Someone had recommended me. The only condition was that I play a
piano concerto by a Dutch composer since the program they were taking
on tour had to be all Dutch.
Given our finances at the time, it was with a deep sigh that I
explained my inability to oblige. Far from having a Dutch concerto
on my repertoire, I had not even been aware such a thing existed
in the first place. My manager, too, sighed as she contemplated
the loss of her commission, but promised to convey my regrets to
the orchestra.
Next morning the phone rang. The polite voice at the other end
indicated that he was calling from Holland and introduced himself
as the director of Stichting Overijssels Philharmonisch Orkest,
the Dutch orchestra in question. "Mr. Vazsonyi," he said,
"I just want to make sure we have understood your response
accurately. Are we to assume that you do not play any of the piano
concertos by Beethoven?"
Beethoven, Dutch?!
Then there is what many consider the award-winning double-whammy
of the century: Austria has persuaded the rest of the world that
Beethoven was Austrian and Hitler was German. (It was, of course,
the other way around.)
All these memories were floating through my mind as I stumbled
upon a lengthy essay on the Internet, entitled "Beethoven Proof."
In it, the writer presents detailed evidence that Beethoven was
"AT LEAST of African descent," if not altogether black.
Having spent much of my life studying Beethoven, having devoted
years to learning and performing the complete cycle of his 32 piano
sonatas, and having made a television film about him, I was naturally
curious.
The evidence presented is far too involved to reproduce here. In
any event, I was more interested in motivation and purpose. The
author seemed to be better-informed and more serious than most afro-centrists,
which is why his points deserve attention. "Whether you're
a lover of classical music or not," the writer contends, "the
significance here is that our black youth have yet one more role
model to look up to. Beethoven can be included among the ranks of
people of African descent in which the whole world holds dear, but
tried to claim as 'pure' white. He and others like Alexander Pushkin
and Alexander Dumas...are among the few people...a black student
in a history class can proudly proclaim as being 'black,' with a
sense of pride."
I am not aware that anyone has "tried to claim Beethoven as
pure white," or pure anything, but that's beside the point.
The essay reveals the convolutions created by stripping black people
of their American identity and America of her European roots - a
process so-called Liberals of every shade have perpetrated. Look
at where it gets us.
A black student claims kinship with Beethoven because three centuries
ago the student's great-great-great-great grandfather came from
a village in, say, Central Africa (later Belgian Congo, now Zaire.)
Switch to the provinces of Flanders (now Holland or Belgium) which
used to be under Spanish rule in the 16th century. There might have
been soldiers from North Africa in the Spanish armies suppressing
the fight for independence in those provinces.
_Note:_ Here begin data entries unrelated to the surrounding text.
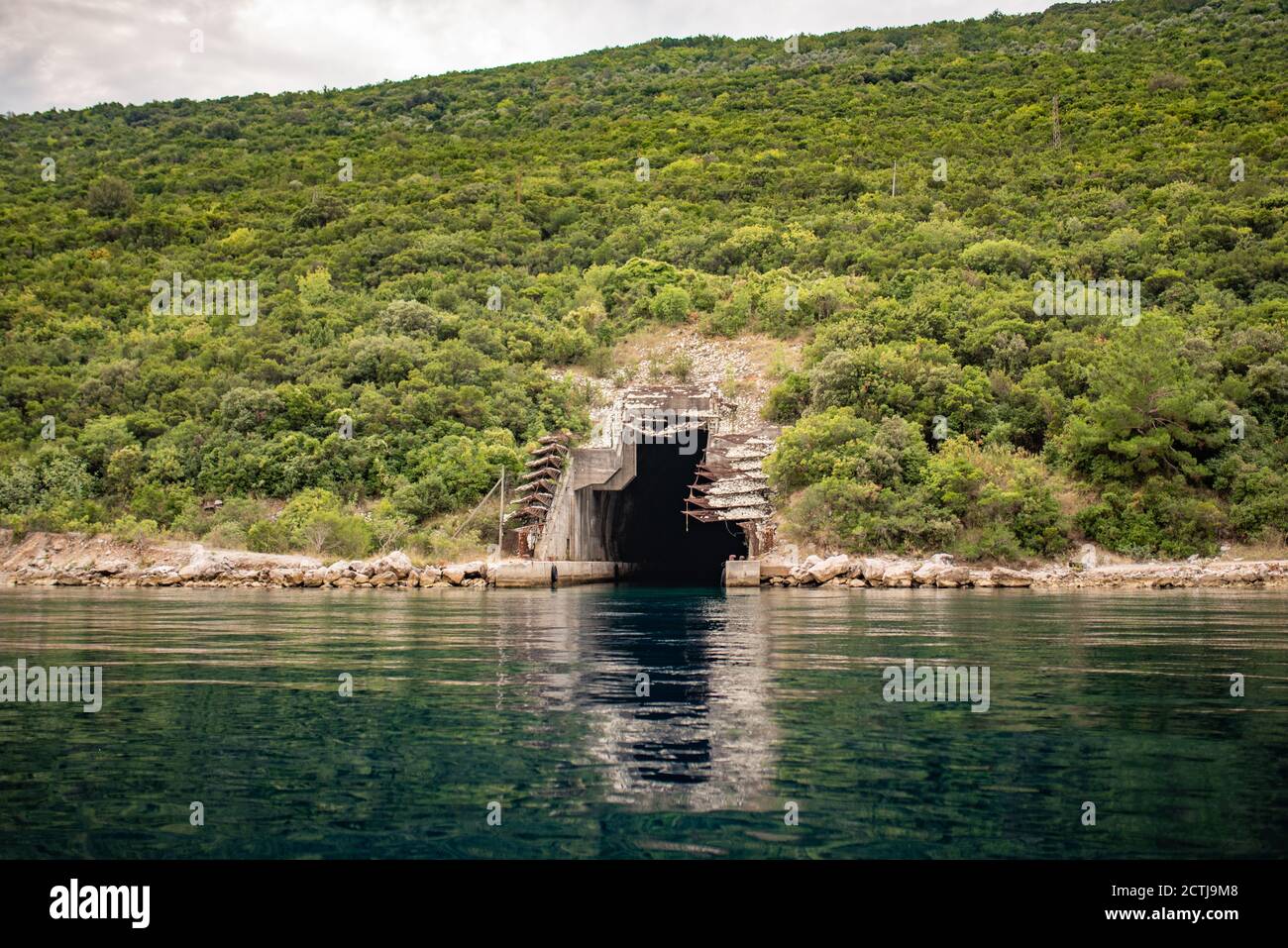 Entrée à l'abri sous-marin abandonné, la baie de Kotor, la mer Adriatique, Monténégro. Péninsule de Lustica Rose village. Banque D'Images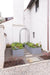 Contemporary edible garden featuring gray raised beds, lush plants, a black arch, gravel path, and white brick house.
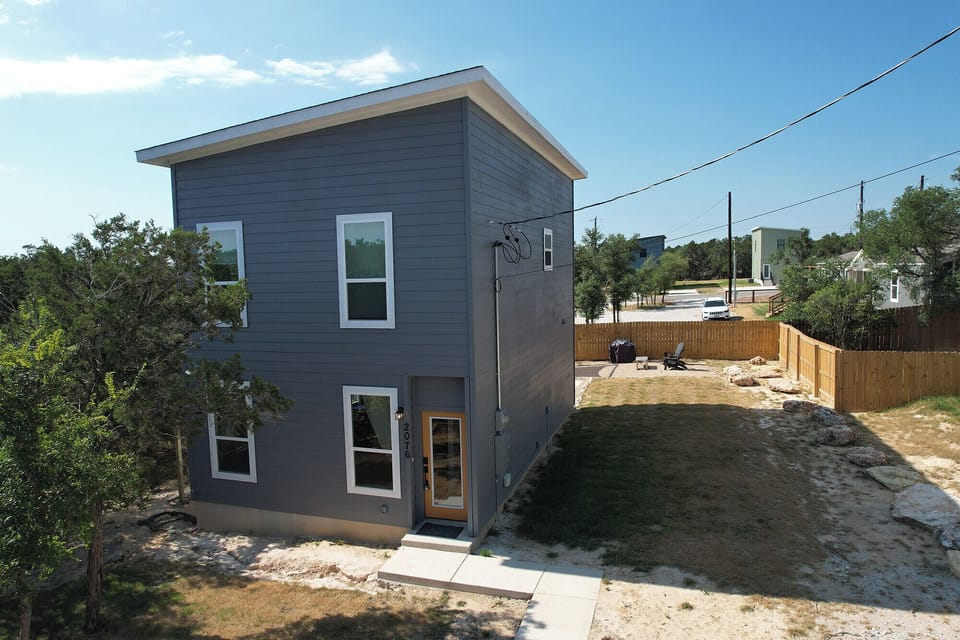 Exterior of the home as seen from the parking area.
Since Beethoven's
ancestry can be traced back to that region, the connection becomes
clear. Or does it? A simple statement that Americans are heir to
Western Civilization used to suffice.
But anything will do for now that will make young people listen
to Beethoven. If the assumption of African descent will result in
the symphonies being heard, Pushkin's dramas and poetry, or the
novels of Dumas being read by black students, the reasons will soon
lose importance. In fact, we might welcome a variety of incentives
to encourage white, green, purple, and all other students to hear
first-rate music and read first-rate literature.
There again, a simple statement that it was great used to suffice.
Here is how the legacy of the 1960s turns reason against itself.
On the one hand, as Beethoven Proof exemplifies, the only way a
claim may be asserted on behalf of "previously disenfranchised"
groups is by taking possession of one or more accomplishments of
Western Civilization. On the other hand, Western Civilization is
portrayed as the source of all evil, the instrument of oppression,
the scrap heap of dead white males.
Sympathy and offers of assistance are owed to those of our fellow
citizens who have no way of knowing better, and who are being duped
daily by cold and calculating political activists. Contempt and
condemnation to them who cheat our youth of their inheritance.